Sobre isto, diz Calvino:
Não pensemos, entretanto, que o homem peca como que impelido por uma necessidade incontrolável; pois peca com o consentimento de sua própria vontade continuamente e segundo sua inclinação. Mas, visto que, por causa da corrupção de seu coração, odeia profundamente a justiça de Deus; e, por outro lado, atrai para si toda sorte de maldade, por isso afirmamos que não tem o livre poder de eleger o bem ou o mal – que é o que chamamos livre-arbítrio.[19]

Campos diz também o mesmo:
Originalmente, antes da queda, o homem teve tanto o livre arbítrio como a livre agência. Depois da queda o homem ficou somente com a livre agência, pois perdeu tanto o desejo quanto a capacidade de fazer o bem, isto é, o poder de agir contrariamente à sua natureza.[20]

Assim, é o homem quem escolhe continuar no pecado, contudo, não tem capacidade, por causa do seu próprio pecado e maldade, para escolher coisa diferente a não ser que suas inclinações e vontade sejam transformadas por Deus, recebendo habilidade para escolher o que é bom e reto. Por isso o homem é sempre responsabilizado por seus atos, pois, sempre escolhe o que lhe agrada.

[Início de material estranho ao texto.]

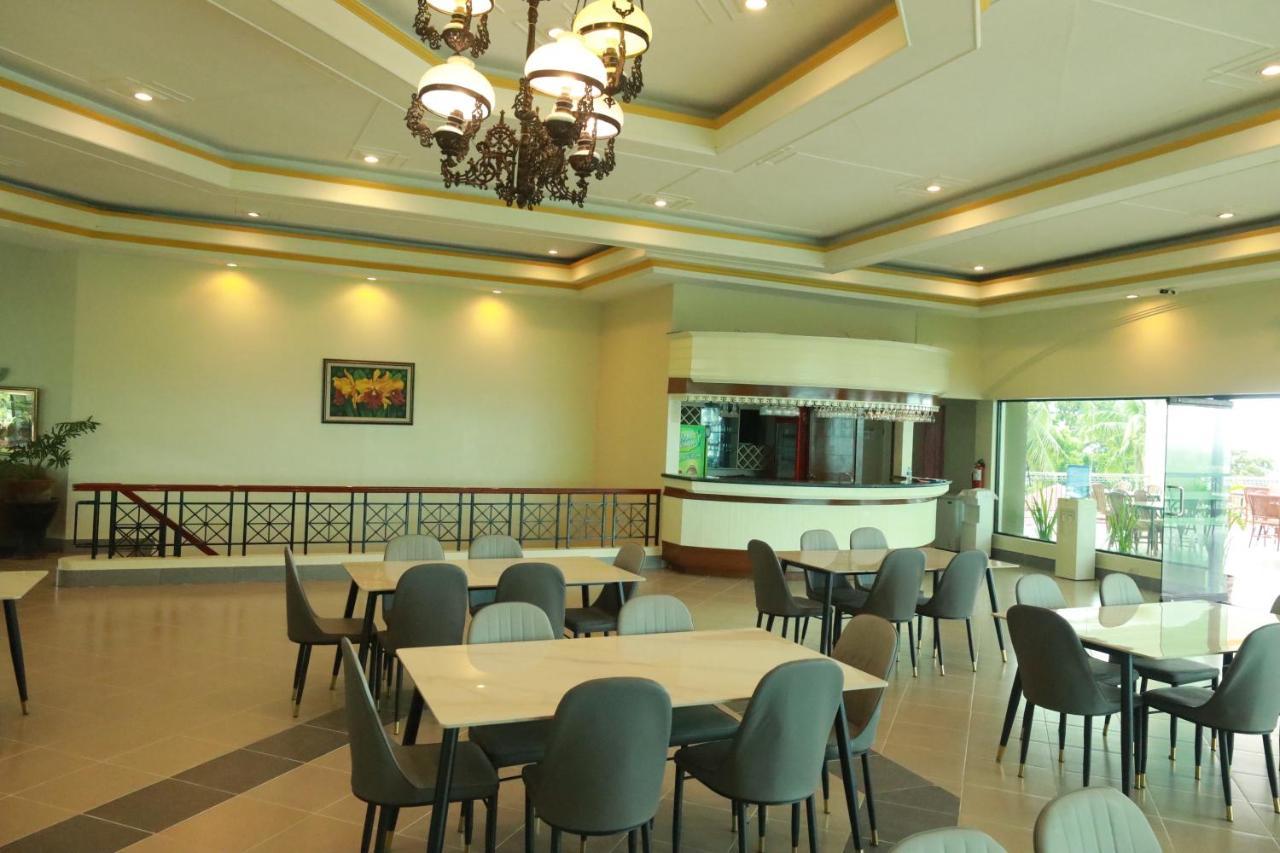Bohol Plaza Mountain Resort And Restaurant Dauis Bagian luar foto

4. Na Redenção do Homem: O que acontece ao livre-arbítrio?
Quando Deus em sua livre graça, resolvendo salvar o homem, age em seu coração e pela ação do Espirito lhe implanta vida, o que acontece é que o homem recebe habilidade para escolher o que é reto e bom. A Bíblia descreve este ato, como o da libertação de um escravo, dando-lhe liberdade para escolher o que é agradável a Deus, contudo, muito embora liberto, pode ainda inclinar-se para o pecado. O homem passa a desejar o que é bom. Isto não significa que não deseje o pecado, pois, ainda permanece nele a imperfeição.
Sobre isto diz a CFW:
Quando Deus converte um pecador e o transfere para o estado de graça, ele o liberta da sua natural escravidão ao pecado e, somente pela sua graça, o habilita a querer e fazer com toda a liberdade o que é espiritualmente bom, mas isso de tal modo que, por causa da corrupção, ainda nele existente, o pecador não faz o bem perfeitamente, nem deseja somente o que é bom, mas também o que é mau. Ref. Col.1: 13; João 8:34, 36; Fil. 2:13; Rom. 6:18, 22; Gal.5:17; Rom. 7:15, 21-23; I João 1:8, 10.[21]

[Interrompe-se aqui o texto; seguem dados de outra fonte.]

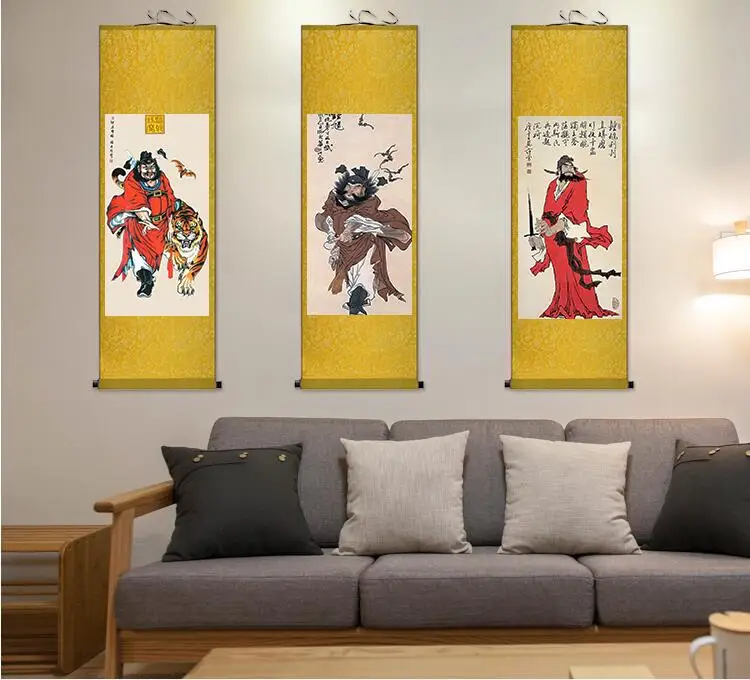 Zhong Kui's portrait, silk hanging painting, Fengshui zhenzhai fenxie door god, blessing Kaiguang God decoration scroll painting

Estaria o homem regenerado na mesma condição de Adão antes da queda, ou seja, teria ele agora novamente o livre-arbítrio? Não, pois, não voltamos a ser como era Adão. Ele era perfeitamente reto, santo, e podia escolher algo que fosse contrário ao que era a sua natureza. O homem regenerado recebe liberdade para escolher o que é bom, contudo, não tem o livre arbítrio, pois não escolhe algo contrário ao que ele é. Ou seja, quando escolhe o que é bom, faz isso de acordo com a sua nova natureza criada em Cristo e quando escolhe pecar, faz isso, conforme a sua natureza carnal. Esta é a luta que reside dentro do homem restaurado. Ele não pode dar lugar ao velho homem (Ef 4.17-24; Cl 3.1-11).
 É importante ressaltar que, sendo regenerado o homem recebe habilidade, que antes não tinha, para escolher a Deus. Conforme Agostinho, o homem recebe a capacidade de não pecar (posse non peccare).[22] Por isso, e somente assim, pode atender ao convite do Evangelho para a sua salvação. O homem na regeneração continua a exercer a sua “livre agência”.
Vejam como a CFW, fala da condição que o homem tem para fazer escolhas espirituais, como um ser ativo:
Todos aqueles que Deus predestinou para a vida, e só esses, é ele servido, no tempo por ele determinado e aceito, chamar eficazmente pela sua palavra e pelo seu Espírito, tirando-os por Jesus Cristo daquele estado de pecado e morte em que estão por natureza, e transpondo-os para a graça e salvação. Isto ele o faz, iluminando os seus entendimentos espiritualmente a fim de compreenderem as coisas de Deus para a salvação, tirando-lhes os seus corações de pedra e dando lhes corações de carne, renovando as suas vontades e determinando-as pela sua onipotência para aquilo que é bom e atraindo-os eficazmente a Jesus Cristo, mas de maneira que eles vêm mui livremente, sendo para isso dispostos pela sua graça. Ref. João 15:16; At. 13:48; Rom. 8:28-30 e 11:7; Ef. 1:5,10; I Tess. 5:9; 11 Tess. 2:13-14; IICor.3:3,6; Tiago 1:18; I Cor. 2:12; Rom. 5:2; II Tim. 1:9-10; At. 26:18; I Cor. 2:10, 12: Ef. 1:17-18; II Cor. 4:6; Ezeq. 36:26, e 11:19; Deut. 30:6; João 3:5; Gal. 6:15; Tito 3:5; I Ped. 1:23; João 6:44-45; Sal. 90;3; João 9:3; João6:37; Mat. 11:28; Apoc. 22:17.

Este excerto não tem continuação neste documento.